- PROBLEM DESCRIPTION: Every line of the listing below should come back exactly as written, with no images.

- DATA:

● ● ●

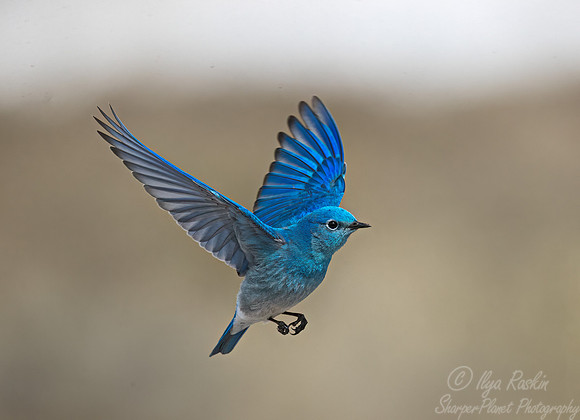 124 Western bluebird (Sialia mexicana) - CO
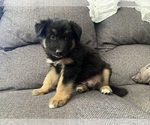 Small #15 German Shepherd Dog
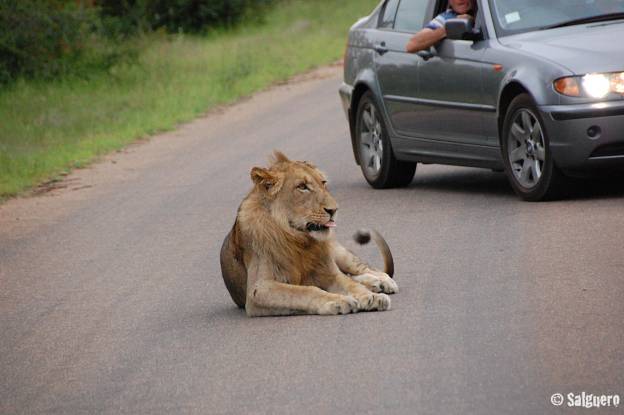 Südafrika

● ● ●

- RESPONSE FOR THIS EXERCISE:
 124 Western bluebird (Sialia mexicana) - CO
 Small #15 German Shepherd Dog
 Südafrika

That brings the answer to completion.